#### What is expected
With the pictures left out, return exactly the lines from the one containing "Condo en venta" through the end of the listing below.

-------- Materials provided --------

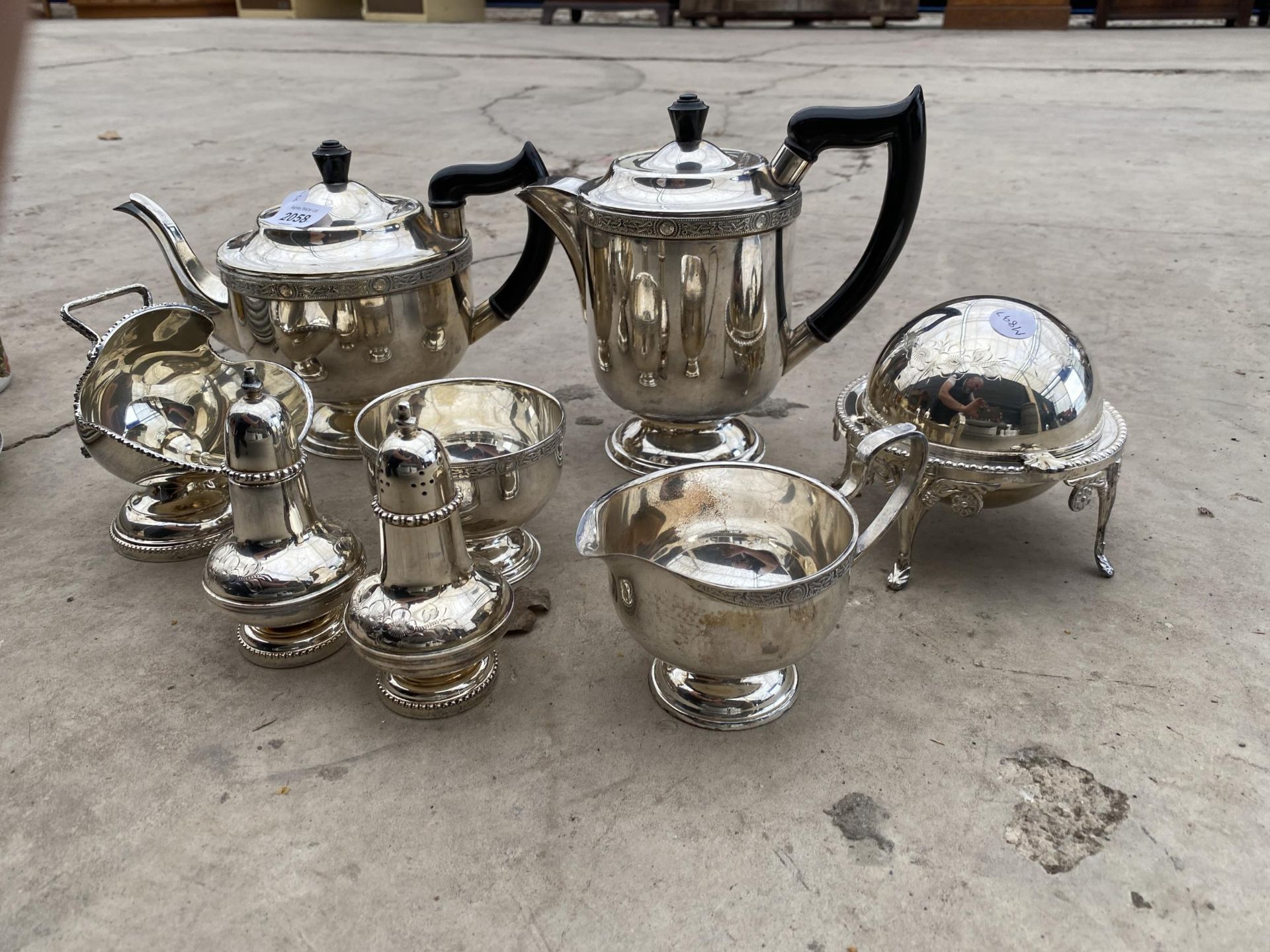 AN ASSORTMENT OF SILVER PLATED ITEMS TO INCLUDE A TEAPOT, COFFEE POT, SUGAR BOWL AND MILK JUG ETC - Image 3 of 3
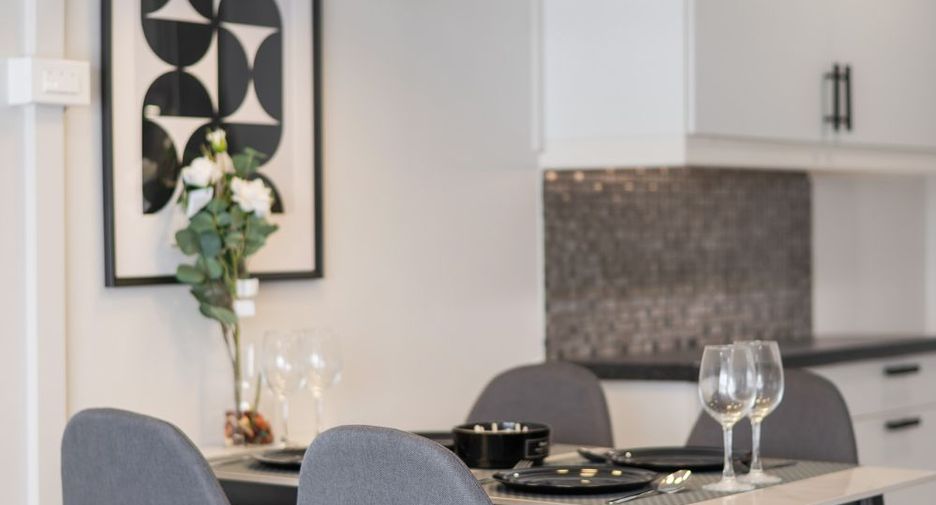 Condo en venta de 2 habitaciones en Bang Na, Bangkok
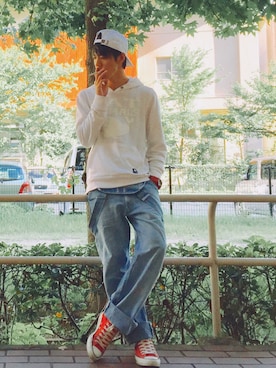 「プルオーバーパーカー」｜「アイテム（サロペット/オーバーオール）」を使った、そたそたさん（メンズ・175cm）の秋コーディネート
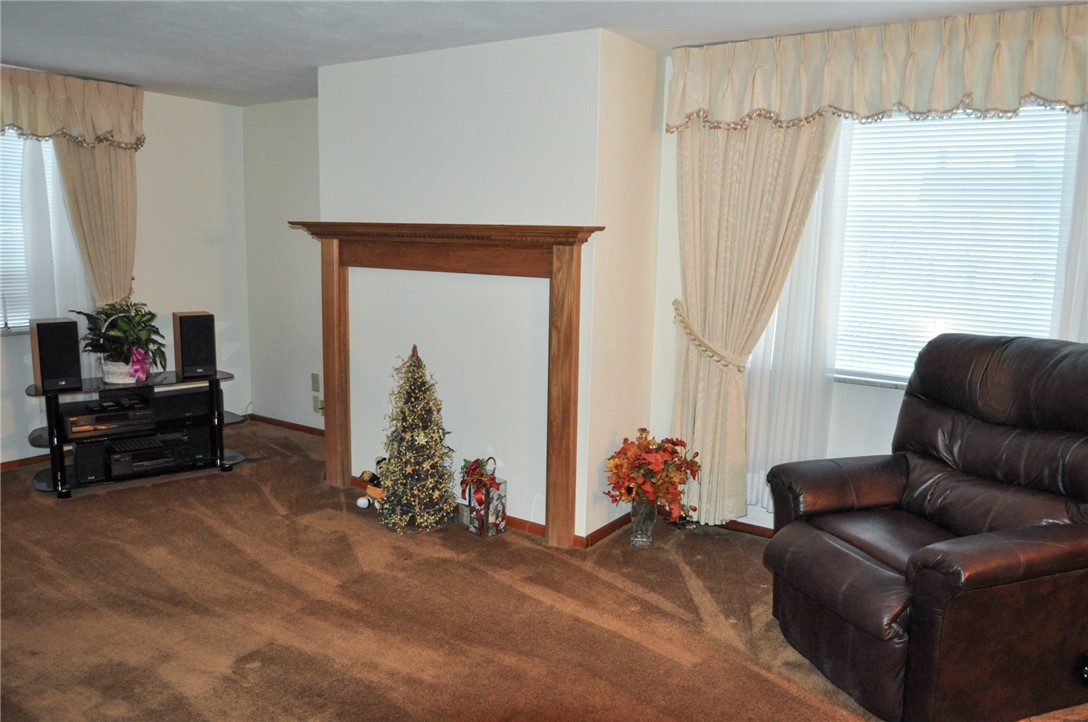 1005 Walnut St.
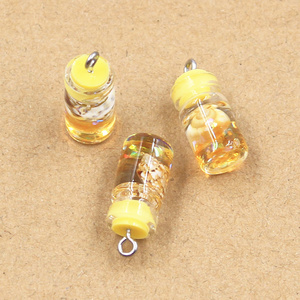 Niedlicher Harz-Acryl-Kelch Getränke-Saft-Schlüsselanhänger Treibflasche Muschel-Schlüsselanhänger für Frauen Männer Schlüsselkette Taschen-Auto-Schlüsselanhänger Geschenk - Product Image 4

--------

#### Answer to this task
 Condo en venta de 2 habitaciones en Bang Na, Bangkok
 「プルオーバーパーカー」｜「アイテム（サロペット/オーバーオール）」を使った、そたそたさん（メンズ・175cm）の秋コーディネート
 1005 Walnut St.
 Niedlicher Harz-Acryl-Kelch Getränke-Saft-Schlüsselanhänger Treibflasche Muschel-Schlüsselanhänger für Frauen Männer Schlüsselkette Taschen-Auto-Schlüsselanhänger Geschenk - Product Image 4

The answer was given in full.